Federal student loans make up the overwhelming majority of outstanding student loan debt, but millions of borrowers also take out private student loans. Private education loans, also called alternative loans, are originated by private banks and credit unions, as opposed to federal education loans, which are originated by the Education Department and institutions of higher education.
Turning to a private education loan for help with climbing college costs can be awfully tempting. With an online application and the promise of a low interest rate, a private loan often looks so easy and so affordable.
How Are Federal Student Loans Different From Private Student Loans?
Federal loans have a fixed interest rate and offer a variety of borrower benefits, like forbearance, deferment, loan consolidation, student loan forgiveness and several repayment plans.

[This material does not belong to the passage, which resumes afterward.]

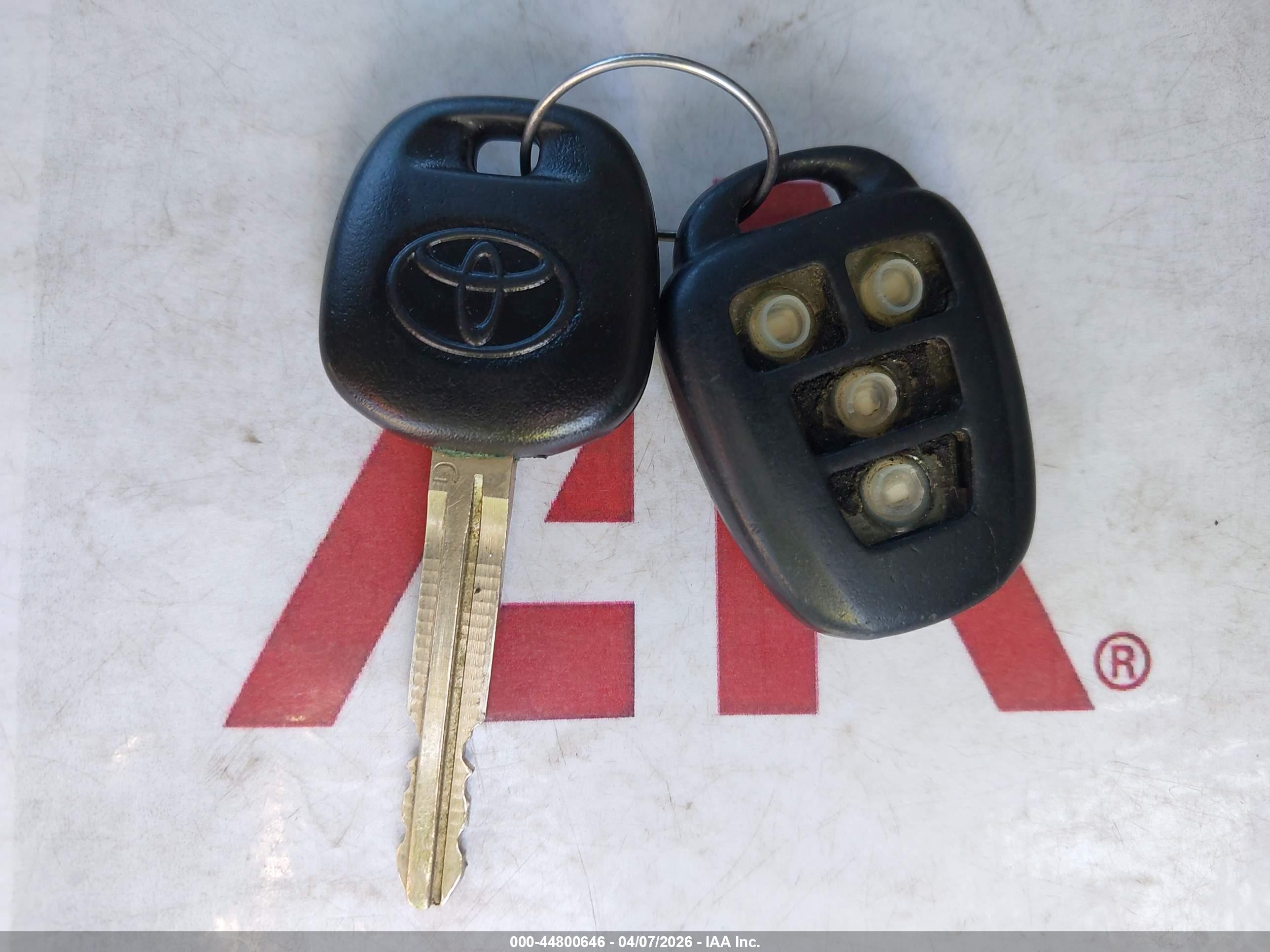 TOYOTA CAMRY image 11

Private loans generally aren’t as flexible. And unlike federal student loans, private loans often have variable interest rates and require credit checks. So you’ll need a good credit history or a cosigner to land the low rate you saw online. If you have less-than-stellar credit, you could end up paying very high interest rates, and because rates on private loans are variable and fluctuate according to market conditions, whatever interest rate you qualify for could change. (You can see where your credit stands by viewing two of your credit scores, updated every 14 days, on Credit.com.)
The repayment terms on a private education loan vary by lender. With some lenders, repayment begins immediately. Other lenders may allow borrowers to defer loan payments while attending classes, as federal loans do.
You’re also likely to have fewer borrower protections with private loans than you do with federal loans.
Federal loans come with a range of borrower protections that are mandated in the federal Higher Education Act. For example, with federal Direct, FFEL and Perkins loans, every borrower is entitled to deferment due to economic hardship or unemployment for up to three years as long as the borrower meets eligibility requirements for these deferments. Federal loan servicers may also offer forbearance, a temporary postponement of payments, for up to 12 months at a time. Private education loan lenders are not required to offer forbearance or deferment options. Some lenders charge fees to process forbearance and deferment requests and may have shorter deferment or forbearance periods.
A private loan is an option to consider after you’ve exhausted federal lending options (most federal loans, after all, have borrowing limits below the cost of attendance, which private loans do not). When borrowing to pay for your college education, most experts recommend applying for federal loans first and private loans as a last resort, and in order to get a federal student loan, you need to fill out the Free Application for Federal Student Aid (FAFSA). To land a good deal on a private education loan, you’ll need to shop carefully. Rates and fees vary widely.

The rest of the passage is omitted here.